British governments have cycled through a rich array of “growth” strategies over recent decades. The Truss administration is the latest to grapple with the UK’s persistent productivity and growth challenge. And it does so in the most trying of environments: inflation has soared, public services are in distress, and long-standing regional inequalities endure despite promises of levelling up.
The Truss thesis is that the tax burden, especially the tax burden on business and on households, is the source of the UK’s slow growth. Despite the inflationary environment and apparent weaknesses in the exchange rate, the thesis is that an adrenaline shot of demand will set the UK on a new growth trajectory, unleashing private enterprise in the process, lifting up investment, incomes and tax take as a result. That will enable the UK economy, once energy price increases work their way out of the system, to lift up and out of a sluggish growth paradigm.
Whether this theory proves to be correct in the short term or not, some fundamental conditions will need to be in place to maintain growth over time. And given the recent spate of short-serving PMs, it shouldn’t come as a surprise that we haven’t made a dent in generational, systemic weaknesses within the British economy.
In fairness, Friday’s mini-Budget contained some useful long-term measures. Planning reforms, investment in infrastructure, a permanent increase in business investment allowances, public land release for housing and support for creating investment in the industries of the future are to be welcomed. More is still needed.
One underplayed factor in debates about long-term growth is how to ensure that organisations can deliver productive change and make it self-sustaining. It is certainly a missing piece of the “Growth Plan” jigsaw. Change is led and managed by individuals equipped with the right skills. Whether a new product line or reorganising a business or public service, you need the right people in place. Lasting change isn’t an art form, it’s a science. For example, when information and communication technology is adopted with good management practices it achieves a 20 per cent productivity improvement compared with just a 2 per cent uplift when adopted with poor practices. Future UK productivity requires higher-level technical and management skills.

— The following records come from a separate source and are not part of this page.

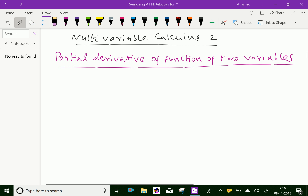Welcome to aminacademy.com. In multivariable calculus, let us discuss the partial derivative of a function of two variables.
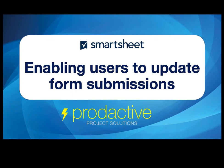Hi, this is Rich Coles from Productive Project Solutions. The purpose of this video is to provide a quick demo on how you can enable users to update forms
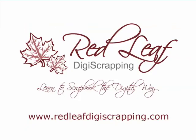For more video tutorials or for information on where you can purchase my digital scrapbooking products, visit www.redleafdigiscrapping.com. Thanks for joining me.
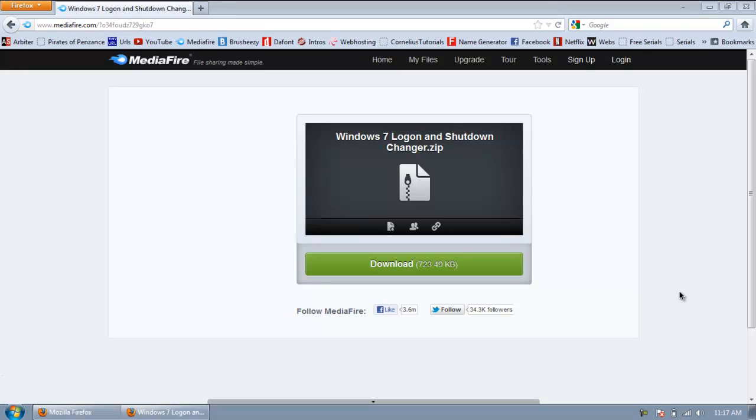Hello YouTube, this is Impressive Tutorials, and in this tutorial, I'm going to show you guys how to change your Windows 7 Logon and Shutdown screen.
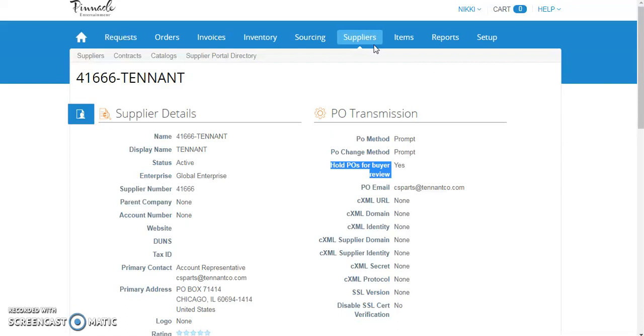So what are the benefits of Buyer Hold? First, the purchase orders will be held for additional information needed, such as deposits and reversals.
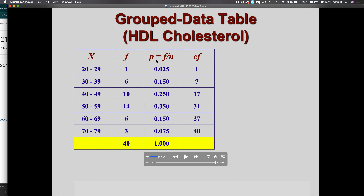As explained in previous videos, the proportion is the frequency for that interval over the total number of data, which is 40. Now, what is this last column? CF is short for cumulative frequency.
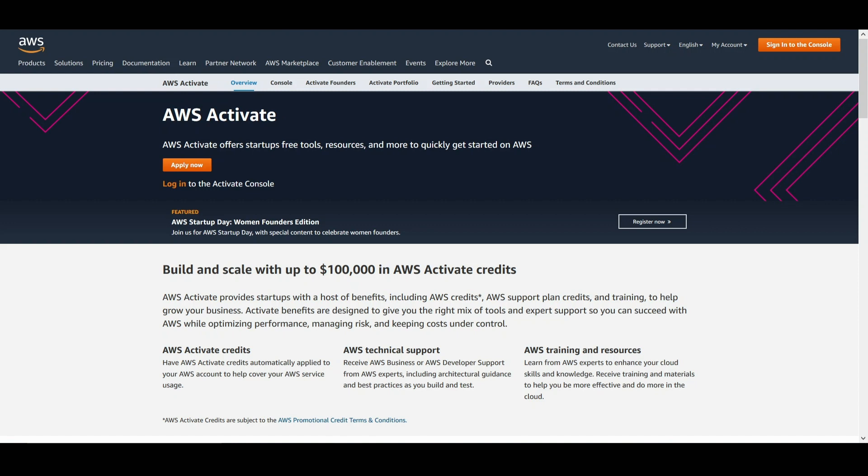To join, simply head over to aws.amazon.com/activate and click apply now. It only takes a few minutes.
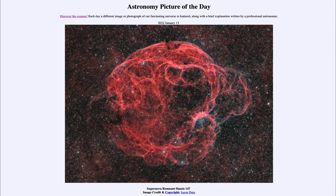Greetings and welcome to the introduction to astronomy. One of the things that I like to do in each of my introductory astronomy classes is to begin the class with the Astronomy Picture of the Day from the NASA website at apod.nasa.gov/apod. Today's picture for January 13th of 2022 is titled Supernova Remnant Simeis 147.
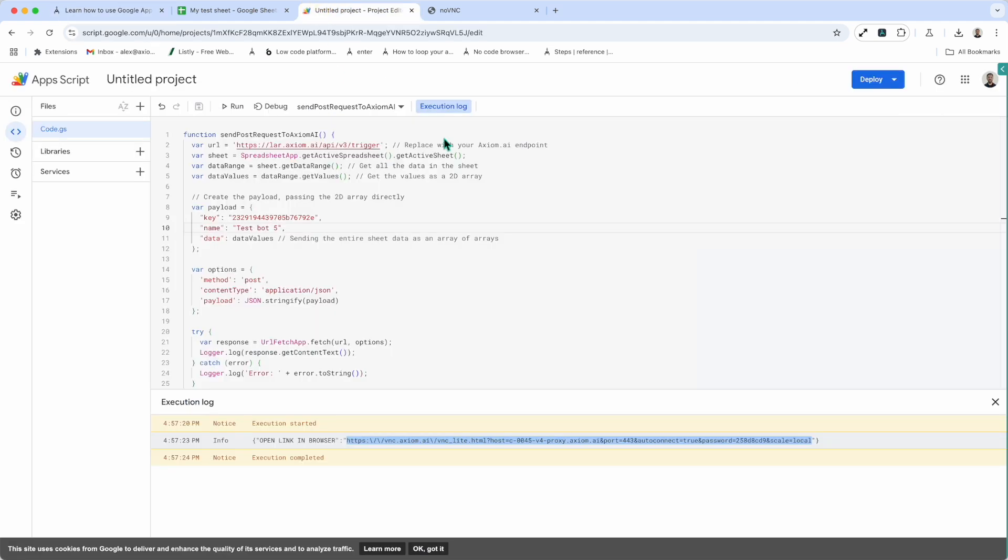And that's how to trigger your automation from an app script. Thank you very much.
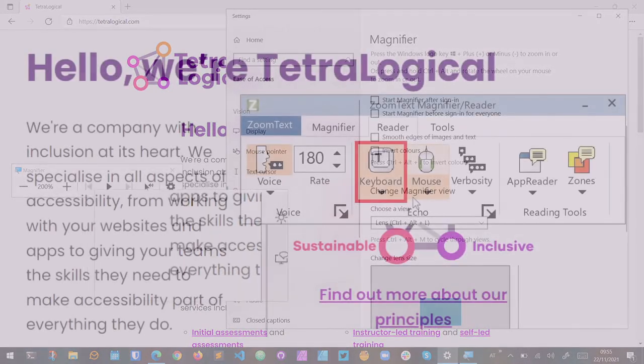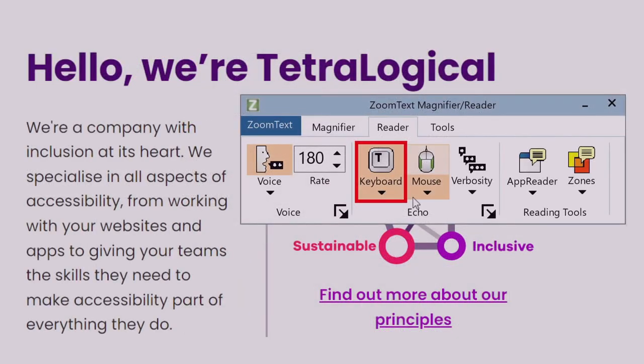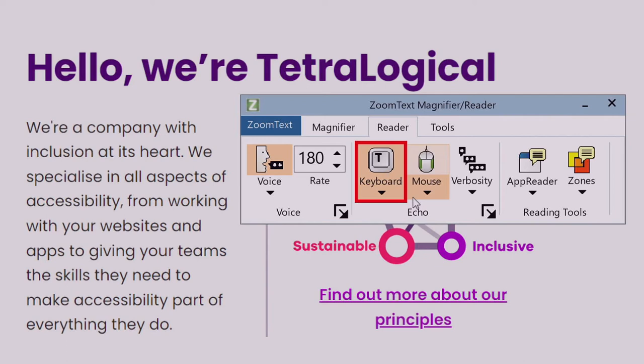Many screen magnification solutions also include speech output or integrated screen reading capabilities. Taking ZoomText as an example, you can enable mouse echo, which will read out any text underneath the mouse pointer.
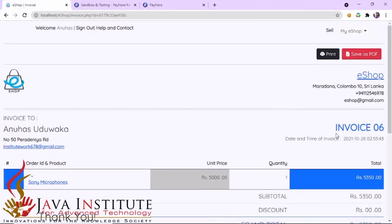Hello friends, welcome to my video series for the ecommerce web application eShop. In this video I'm going to show you how I have programmed the invoice page in order to view the details of the last payment done by the users. In my previous video I purchased a product - Sony microphones - so this is the invoice responsible for that purchase.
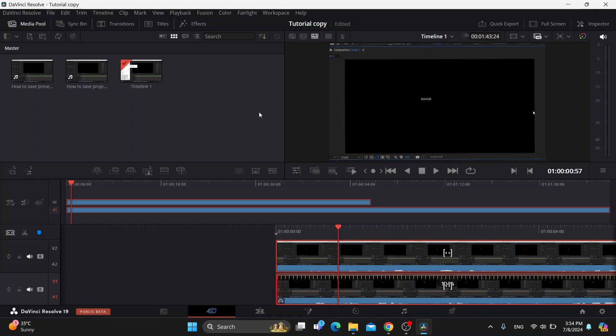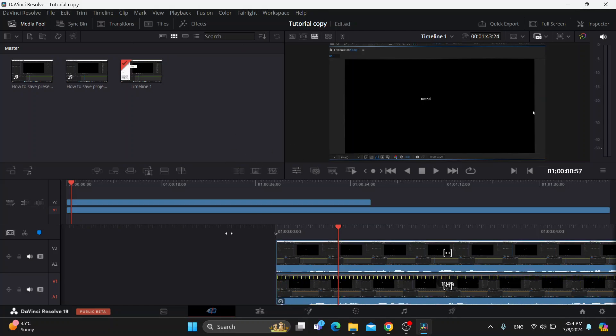The first thing you want to do is go ahead and open up the official DaVinci Resolve program on your PC if you haven't already. After opening it up, you'll be greeted by this main page, which is the home page of DaVinci Resolve where we can get started with adding the videos that we want to use for editing and blending.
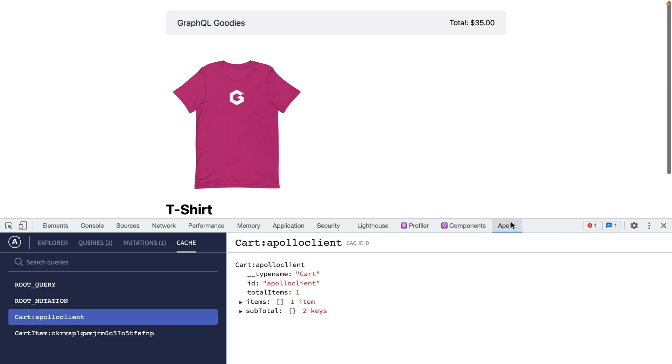If we switch back to the Apollo client cache we can now see that we have a root mutation added to our cache and now we have this new object cart item followed by the ID of that cart item.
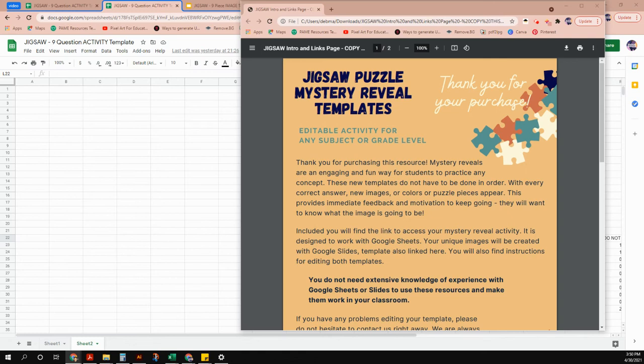Hello everyone, this is Debbie from Pixel Art Mysteries and Education. I have for you today a tutorial on how to make a jigsaw puzzle mystery reveal. Thank you for purchasing this product — I want to show you how to do the edits, make it your own, change things, and put your own content in.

To sustain any growth strategy over time, the UK will need to see greater commitment to investment in developing the skills and behaviours of leaders in order for them to create work environments that are conducive to productivity and, therefore, growth. Know-how about seemingly mundane things like developing effective organisations, building good organisational relationships, including all the workforce in performance improvement, and good decision-making processes will help to sustain growth over time. Good employers and good managers also develop others and share opportunities widely.
As shown throughout the Covid-19 pandemic, professional management was essential in the face of adversity: here, professional meaning agile and well-being-focused. In order to adapt to new ways of working and boost morale, we needed conscious leaders at the helm. This wasn’t just about keeping employees happy. The Office for National Statistics found that better-managed firms maintained their productivity advantage over their rivals even during the most difficult moments of the pandemic. Just as we saw during the pandemic, the investment in these skills will be critical for businesses to navigate the volatile economic future.
Key is considering what structures you already have in place that you can build change from. For example, with workplace skills being a key driver of productivity, how can we develop the apprenticeship programme, already a major contributor to growth, through augmenting higher-level technical and management skills? Upcoming Chartered Management Institute research shows that the return on investment from the levy and investment in standards-based apprentices is enormous.
Good management seeks improvement rather than seismic change – and the same should go for policy. Sustainable change needs to do the more hidden, long-term things relentlessly – whatever the fate of the short-term theory of growth.
The short-term aspiration to get the economy firing is a laudable one. The Conservatives and Labour both articulate this aspiration as their prime policy focus. The new Prime Minister has a clear theory of growth. Her political fate will rely heavily on any proof of that theory. Unblocking the UK’s deeper productivity challenge will rely rather more heavily on the long-term measures she puts in place now.